Le osservazioni dal telescopio Keck hanno anche rivelato che Porfirione proviene da quello che è chiamato un buco nero attivo in modalità radiativa, piuttosto che in modalità getto. In questo particolare stato, il buco nero supermassiccio emette energia sotto forma di radiazioni e getti quando attira a sé e riscalda il materiale circostante: una sorpresa per i ricercatori, che non ritenevano possibile l’emissione di getti così potenti da un buco nero in questa modalità. La scoperta suggerisce quindi che nell’universo distante, dove abbondano i buchi neri in modalità radiativa, potrebbero esserci molti altri getti così potenti ancora da scoprire.

Come possano i getti estendersi così lontano oltre le loro galassie ospitanti senza destabilizzarsi è ancora poco chiaro. L’ipotesi più plausibile è che nella galassia ospite avvenga un evento di accrescimento insolitamente duraturo e stabile attorno al buco nero supermassiccio centrale per consentirgli di rimanere attivo così a lungo – circa un miliardo di anni – e garantire che i getti continuino a puntare nella stessa direzione durante tutto quel tempo.

“Le osservazioni a bassa frequenza continuano a mostrare il loro incredibile potenziale”, afferma Francesco de Gasperin, co-autore dello studio e ricercatore INAF.

“Riuscire a osservare ed elaborare correttamente questi dati è estremamente complesso, ma negli ultimi anni sono stati fatti grossi passi avanti che hanno permesso un elevato numero di scoperte importanti tra cui molte sulla fisica dei buchi neri supermassicci e sul loro impatto nel modificare la vita delle galassie ospitanti”.

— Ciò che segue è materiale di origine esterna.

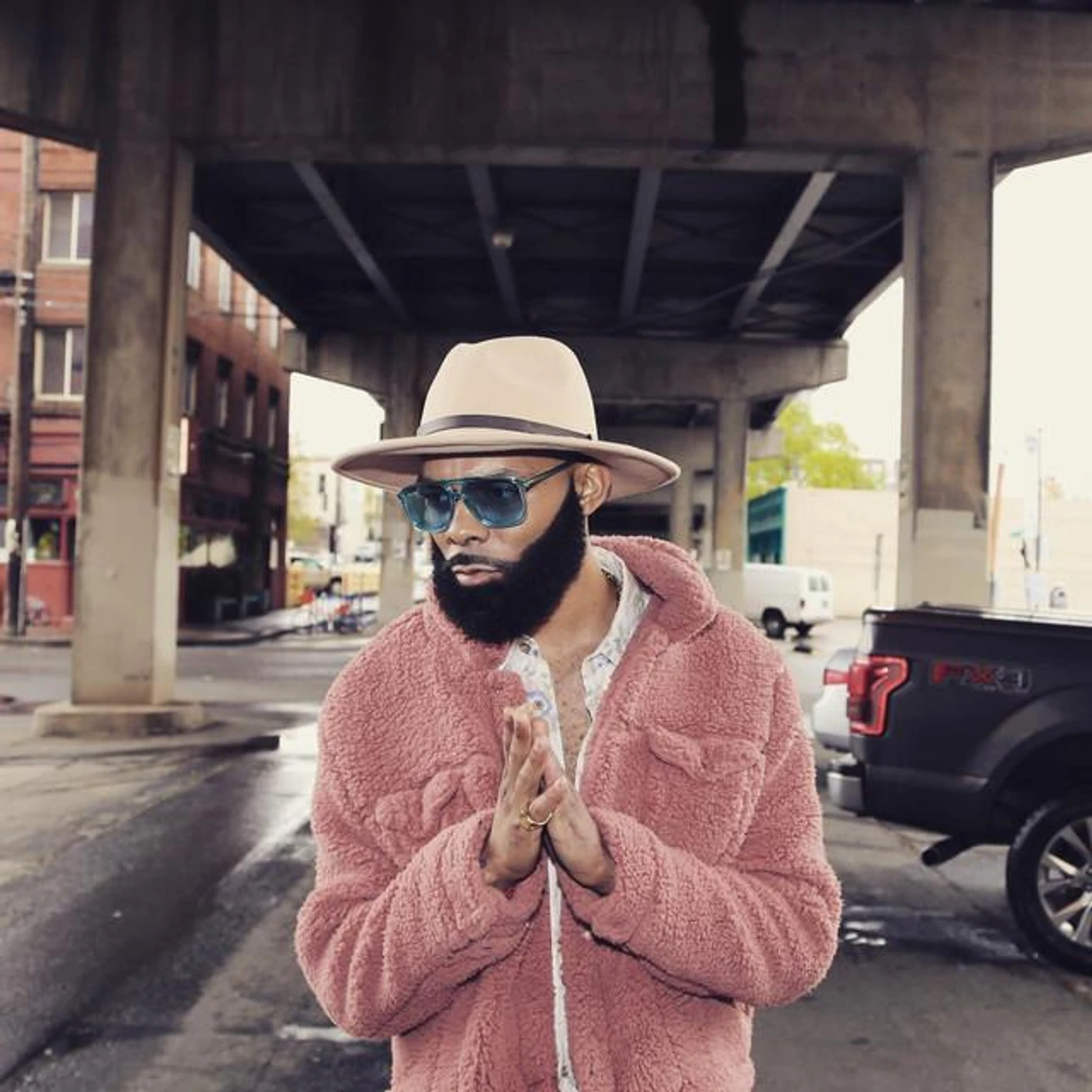 Dom Blvd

Il prossimo passo per i ricercatori sarà quello di approfondire come queste megastrutture influenzano il loro ambiente e, in particolare, come i getti diffondono raggi cosmici, calore, atomi pesanti e campi magnetici nello spazio intergalattico. Altro obiettivo degli scienziati è anche comprendere i meccanismi che sono legati alla propagazione dei campi magnetici associati a questi enormi getti, il modo in cui essi influenzano la distribuzione dei campi magnetici nella grande rete cosmica e il ruolo che i campi magnetici possono avere sulla formazione e il mantenimento delle condizioni favorevoli alla vita, così come accade sul nostro pianeta.